Eagles' secondary relished opportunity to 'shut that up' against Giants

Eagles' secondary relished opportunity to 'shut that up' against Giants

EAST RUTHERFORD, N.J. — They got everybody off their back.

For now, at least.

The Eagles’ much-maligned secondary was terrific Thursday night in the Eagles’ 34-13 win over the Giants at MetLife Stadium (see 10 observations).

It shut down Odell Beckham Jr., it didn't allow a passing touchdown, it knocked a ton of passes down, and for the first time this year it played up to its high standards.

“I feel like every time things go bad, it’s always the secondary’s fault,” Ronald Darby said. “So we just took it upon ourselves to shut that up and go out there and make plays, and that’s what our key objective was.”

Beckham managed just 44 receiving yards with a long gain of 12 yards, most of it in garbage time, and although Giants rookie Saquon Barkley had a brilliant evening with 229 yards from scrimmage, the Eagles’ secondary had by far its strongest game of the season.

Eli Manning, who’s thrown more touchdowns against the Eagles than any QB in history, didn't throw a touchdown, got picked off by Kamu Grugier-Hill and had nine passes knocked down, four by Darby.

Manning looked old and washed up. The Eagles' secondary looked fast, aggressive and confident.

“Feels good,” Jalen Mills said. “We were out there communicating, which is the biggest part in secondary play. We played fast.”

The Eagles’ pass defense has actually been among the NFL’s best this year. Other than a terrible first half in Tampa. 

The Eagles have allowed just eight TD passes in six games, and their red-zone defense is second best in the NFL.

But Darby is right.

On days when nobody plays well, most of the criticism is aimed at the corners.

They’re easy targets. When they mess up, it’s easy to see.

“It comes with the territory,” Darby said. “That’s the sport. That’s what you signed up for. That’s what you get paid for. You’ve just gotta go out there and keep competing.

“It’s a team sport. You talk bad about one, you’re talking bad about all of us. So just go out there and have fun.”

Mills had a very good day, especially in the red zone. The Giants were 0 for 3 inside the 20, managing just two field goals, and Mills was a big reason why. His toughness and aggressiveness are magnified inside the 20.

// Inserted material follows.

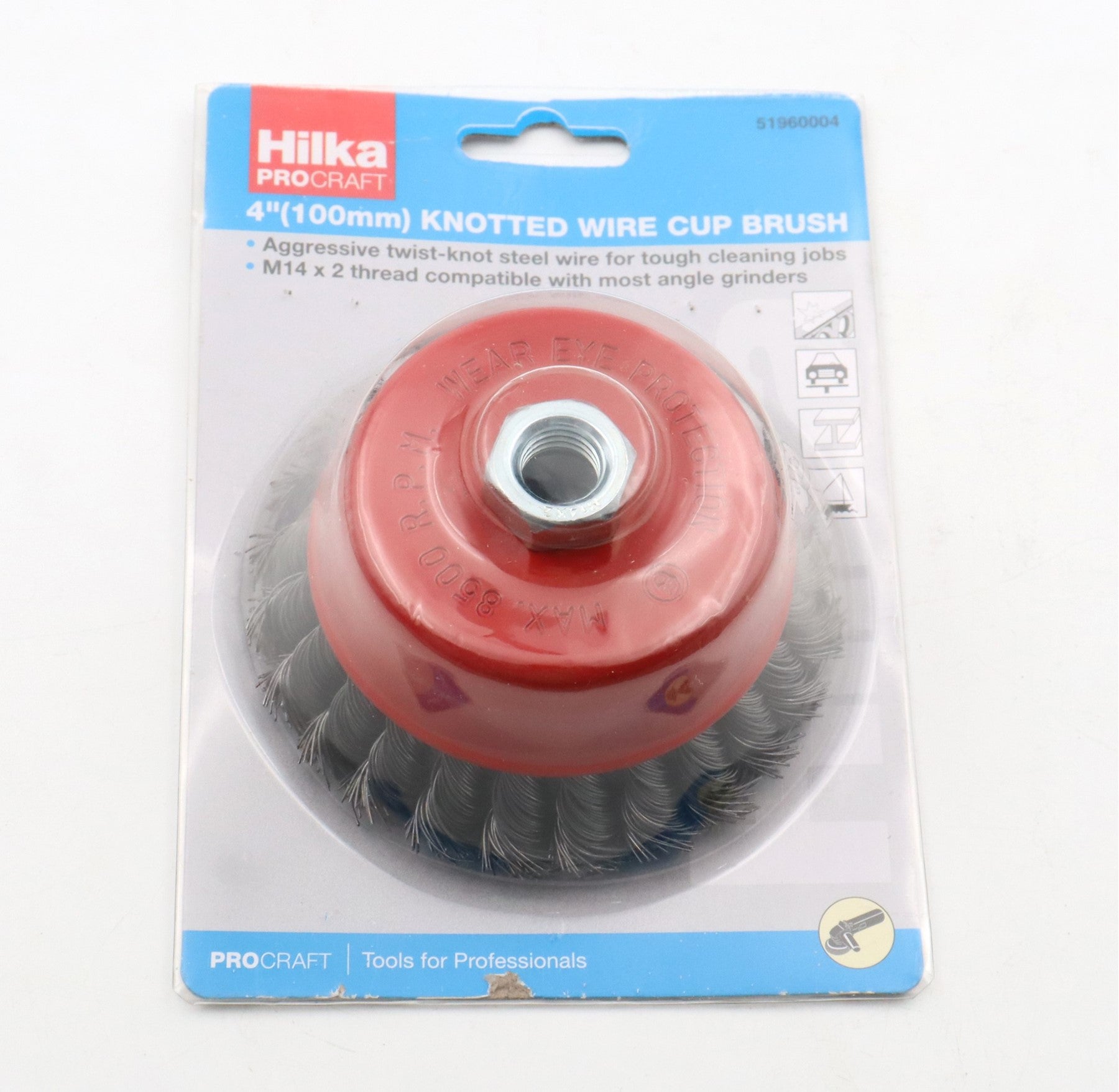 Hilka 4" (100mm) M14 Knotted Wire Cup Brush 51960004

“We put the work in, even on a short week, and guys executed,” Mills said. “Banged up, short week, guys in the trainer’s room. This feels like — not to try to reminisce or anything — but it feels like one of those team wins from last year.”

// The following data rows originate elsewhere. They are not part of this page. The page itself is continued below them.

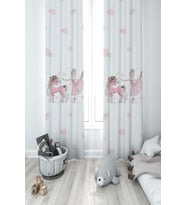 MEKTA HOME BEBEK VE ÇOCUK ODASI Balerin ve Unicorn Kız Desenli Pembe 2 Kanat Fon Perde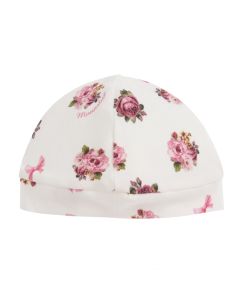 Monnalisa Baby Girls Ivory Floral Cotton Hat
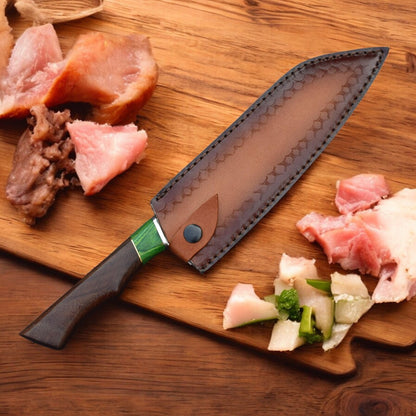 Handmade Copper Damascus Chef Knife – 8” Blade with Genuine Leather Sheath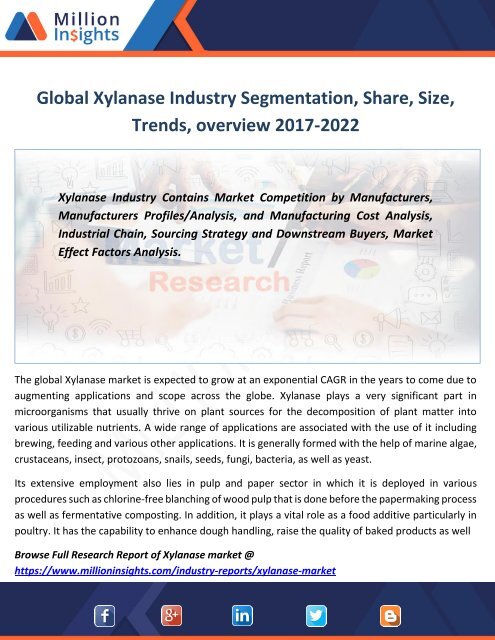 Global Xylanase Industry Segmentation, Share, Size, Trends, overview 2017-2022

The Eagles, already without starting safety Rodney McLeod, lost nickel corner Sidney Jones early in the second quarter, which left Rasul Douglas playing safety for the first time in his life. Rookie Avonte Maddox was already playing safety for the first time in his life.

Malcolm Jenkins is the only defensive back the Eagles had in uniform over the age of 24.

People need to realize how young and talented and confident and deep this group is.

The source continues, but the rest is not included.